Retype word for word the line containing "Unique Shark Shape" and each line that follows it in the records below, through the last one, with no pictures.
Start of Data under study
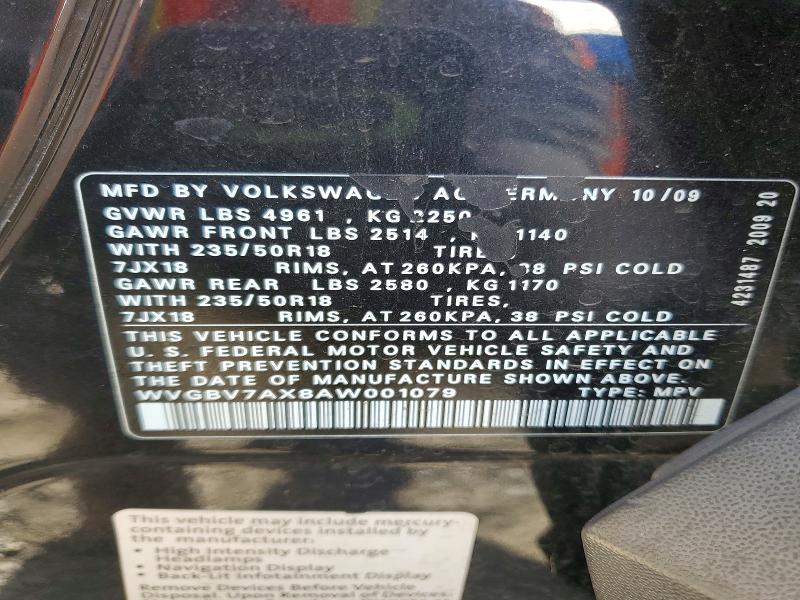 Aukcja sprzedaży 2010 Volkswagen Tiguan, vin: WVGBV7AX8AW001079, numer aukcji: 51206166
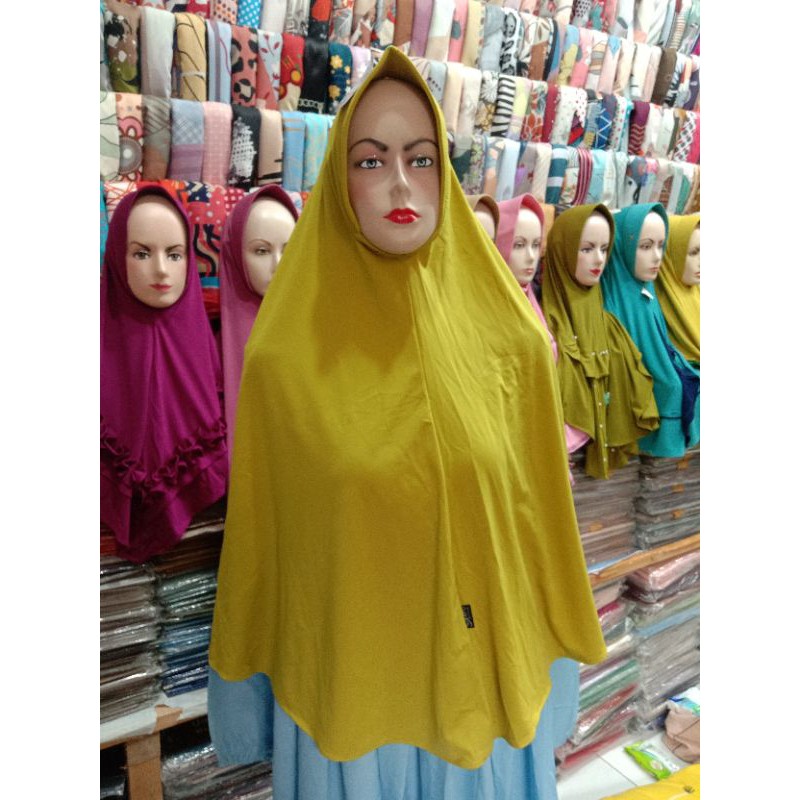 KERUDUNG BERGO POLOS JERSEY PREMIUM CHR KUNING
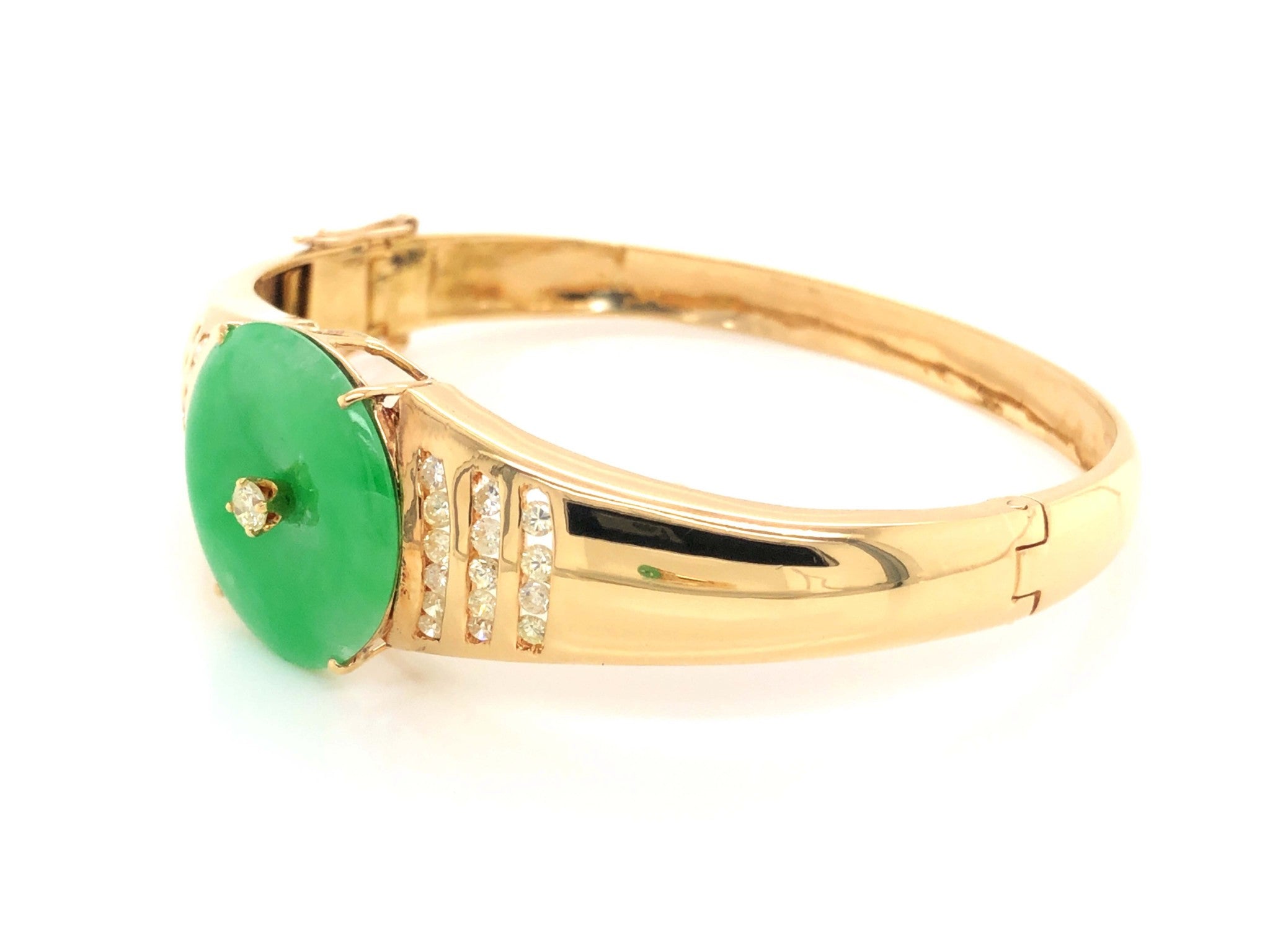 Green Jadeite Jade and Diamond Hinged Bangle Bracelet in 18k Yellow Gold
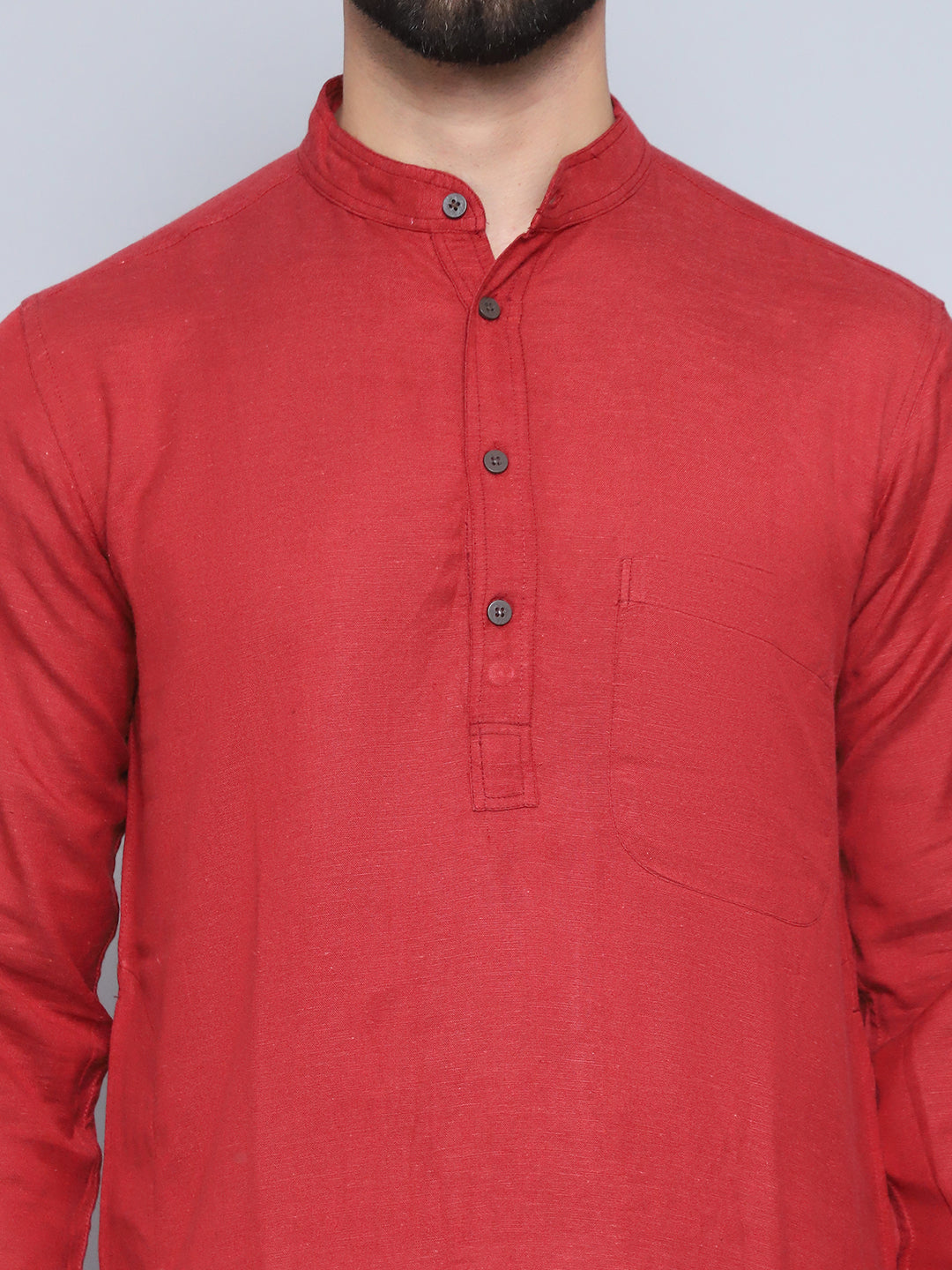 Even Apparels Men's Pure Cotton Rust Kurta | Grocsy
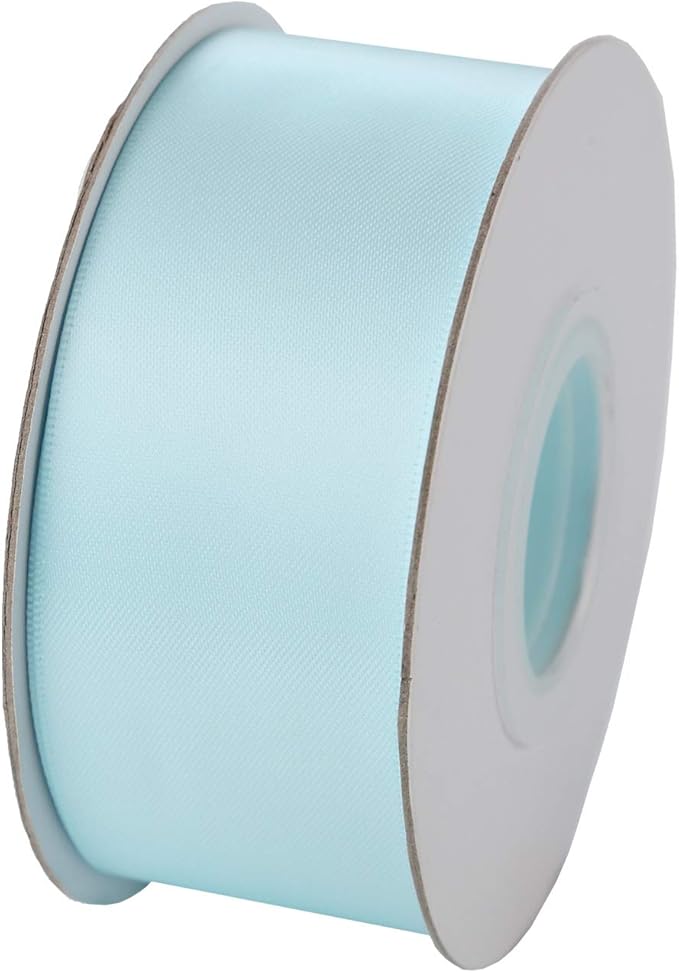 ITIsparkle 11/2" Inch Double Faced Satin Ribbon 25 Yards-Roll Set for Gift Wrapping Party Favor Hair Braids Hair Bow Baby Shower Decoration Floral Arrangement Craft Supplies, Light Blue Ribbon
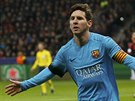GÓL PROTI OBLÍBENÉMU SOUPEI. Lionel Messi z Barcelony bí slavit svou trefu...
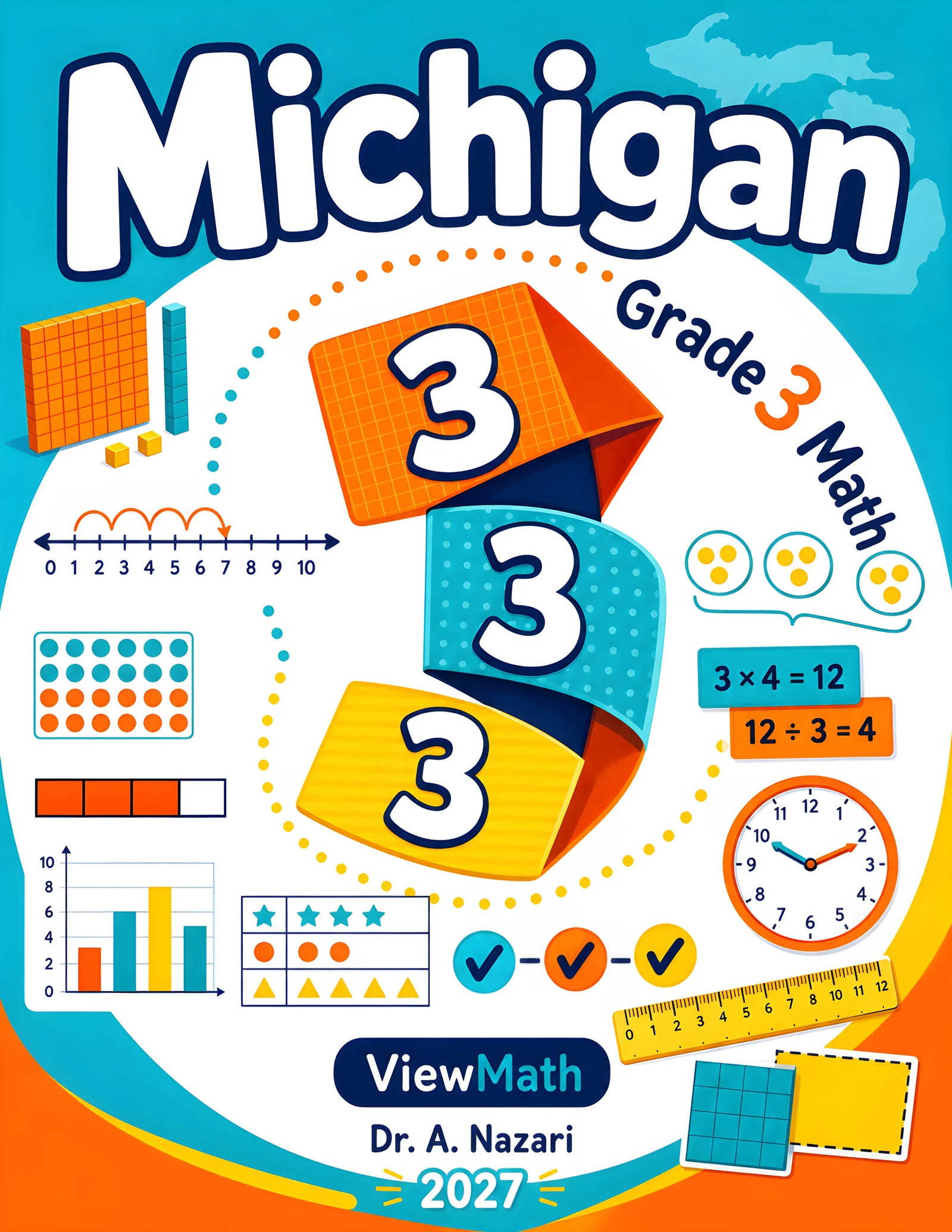 Michigan M-STEP Grade 4 Math Practice Tests Bundle: 25 Unique Full-Length Tests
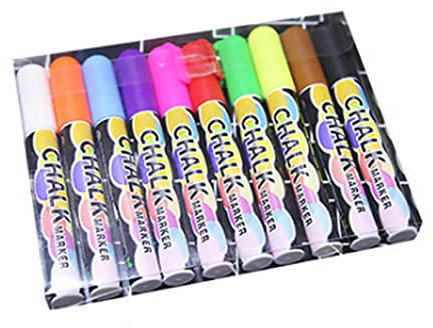 tooloflife 10 Stück 6 mm Kreidemarker, löschbare Flüssigkreidestifte zur Verwendung auf Tafeln, Fenstern, Tafeln, Schildern, Glas, Bistro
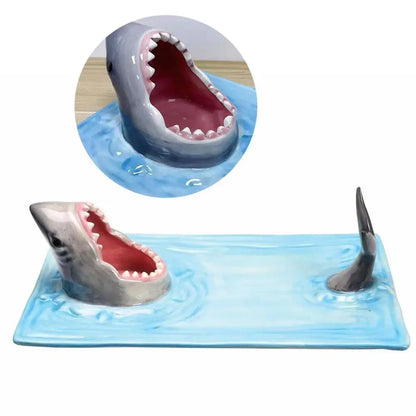 Unique Shark Shape Plate Funny Decorative Ceramic Sushi Plates For Dessert,Cheese Snacks,fruits,vegetable Home Decor Access J6A1 - AMULET RING STORE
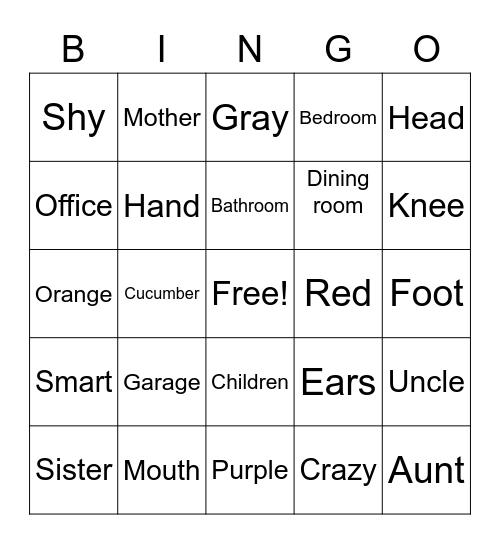 English words Bingo Card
End of Data under study
§ **Solution for this exercise**
 Unique Shark Shape Plate Funny Decorative Ceramic Sushi Plates For Dessert,Cheese Snacks,fruits,vegetable Home Decor Access J6A1 - AMULET RING STORE
 English words Bingo Card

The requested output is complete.